I was sitting out in front of my garage as is the norm, saying morning prayers. .........and, I go into my mindspace of two days ago :
" It's Snow World today. Loaded everywhere. You can see the simplistic math of humanity overlain on the complex Math of God. Those straight technological things ... and the trees, stretching thick to thin in their fractal construction.
It was one of the great "wow's" of mathematics, when the Mandelbrot sets and all the fractals begin to be seen --- they seem to be part of the mathematical basis of created forms.
.... a mathematics so powerfully applicable that its discoverers have nicknamed the most famous expression "The Thumbprint of God". And here I am looking at it snow-decorated in the trees.

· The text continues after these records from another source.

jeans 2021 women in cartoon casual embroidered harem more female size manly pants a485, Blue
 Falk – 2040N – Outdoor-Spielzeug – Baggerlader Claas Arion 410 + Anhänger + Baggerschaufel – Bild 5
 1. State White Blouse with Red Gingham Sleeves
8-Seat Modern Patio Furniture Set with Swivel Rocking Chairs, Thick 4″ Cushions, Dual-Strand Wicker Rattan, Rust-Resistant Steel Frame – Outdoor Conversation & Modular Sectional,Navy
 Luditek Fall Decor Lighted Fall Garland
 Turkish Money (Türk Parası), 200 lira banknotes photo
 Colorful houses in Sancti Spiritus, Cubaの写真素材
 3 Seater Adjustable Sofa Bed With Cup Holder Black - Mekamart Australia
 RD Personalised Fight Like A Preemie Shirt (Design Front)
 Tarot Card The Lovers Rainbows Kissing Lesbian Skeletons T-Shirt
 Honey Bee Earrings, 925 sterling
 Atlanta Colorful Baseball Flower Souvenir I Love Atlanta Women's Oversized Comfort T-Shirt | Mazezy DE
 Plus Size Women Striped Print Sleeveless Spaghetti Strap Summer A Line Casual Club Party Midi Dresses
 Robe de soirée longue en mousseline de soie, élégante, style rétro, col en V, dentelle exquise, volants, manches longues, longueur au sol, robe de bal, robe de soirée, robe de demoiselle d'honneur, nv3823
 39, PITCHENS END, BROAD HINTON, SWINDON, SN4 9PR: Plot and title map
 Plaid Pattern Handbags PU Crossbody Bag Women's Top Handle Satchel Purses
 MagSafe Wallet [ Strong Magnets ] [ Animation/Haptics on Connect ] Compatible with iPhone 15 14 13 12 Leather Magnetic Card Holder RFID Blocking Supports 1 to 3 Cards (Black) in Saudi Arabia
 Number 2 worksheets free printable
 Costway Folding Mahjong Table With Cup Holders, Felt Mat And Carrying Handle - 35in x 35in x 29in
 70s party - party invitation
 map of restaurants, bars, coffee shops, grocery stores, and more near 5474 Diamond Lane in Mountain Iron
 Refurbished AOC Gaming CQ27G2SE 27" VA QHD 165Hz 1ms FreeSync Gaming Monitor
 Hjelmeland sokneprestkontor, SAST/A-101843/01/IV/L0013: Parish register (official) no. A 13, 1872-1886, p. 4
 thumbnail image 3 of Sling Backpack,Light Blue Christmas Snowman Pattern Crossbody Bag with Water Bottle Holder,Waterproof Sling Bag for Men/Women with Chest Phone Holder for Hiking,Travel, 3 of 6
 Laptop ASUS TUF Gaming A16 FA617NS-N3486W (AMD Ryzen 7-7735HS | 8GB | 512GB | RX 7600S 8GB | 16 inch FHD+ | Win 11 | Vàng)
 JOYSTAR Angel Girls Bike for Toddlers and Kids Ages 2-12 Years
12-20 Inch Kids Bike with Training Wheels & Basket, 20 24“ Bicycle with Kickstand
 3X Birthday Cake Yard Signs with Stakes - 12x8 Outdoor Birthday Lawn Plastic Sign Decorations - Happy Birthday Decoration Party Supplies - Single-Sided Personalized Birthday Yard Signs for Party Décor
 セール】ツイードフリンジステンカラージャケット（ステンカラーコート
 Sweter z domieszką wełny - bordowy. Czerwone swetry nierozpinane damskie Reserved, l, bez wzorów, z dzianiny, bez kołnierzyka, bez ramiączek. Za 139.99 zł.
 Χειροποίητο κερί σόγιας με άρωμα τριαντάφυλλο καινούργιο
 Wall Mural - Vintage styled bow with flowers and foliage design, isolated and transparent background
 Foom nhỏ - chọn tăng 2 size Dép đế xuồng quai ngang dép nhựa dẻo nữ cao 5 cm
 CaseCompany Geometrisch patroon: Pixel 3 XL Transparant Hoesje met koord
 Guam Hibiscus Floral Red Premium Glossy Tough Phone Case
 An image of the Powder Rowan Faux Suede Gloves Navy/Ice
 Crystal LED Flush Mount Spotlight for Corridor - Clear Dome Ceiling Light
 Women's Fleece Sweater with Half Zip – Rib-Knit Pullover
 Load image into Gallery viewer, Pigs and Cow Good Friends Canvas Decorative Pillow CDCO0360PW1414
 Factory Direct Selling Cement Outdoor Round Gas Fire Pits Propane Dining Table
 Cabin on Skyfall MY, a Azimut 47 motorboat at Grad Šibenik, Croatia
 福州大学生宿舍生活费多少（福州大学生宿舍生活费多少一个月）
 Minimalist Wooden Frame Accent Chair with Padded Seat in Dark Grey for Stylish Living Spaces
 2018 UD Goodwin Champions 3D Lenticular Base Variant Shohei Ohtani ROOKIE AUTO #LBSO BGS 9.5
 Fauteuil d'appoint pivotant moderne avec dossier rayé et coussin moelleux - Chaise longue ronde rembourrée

A noiseless day. Fractals everywhere. Just bird sound and the antics of squirrels doing things un-understandable on such a day. The birds, a small flock of chickadees just in the bush nearby, a cawing crow, a pair of resolutely faithful cardinals, a whacky woodpecker who has decided that ramming his head into a telephone pole repeatedly is proper action --- but it's all LIFE --- LIFE right in the depths of winter snow.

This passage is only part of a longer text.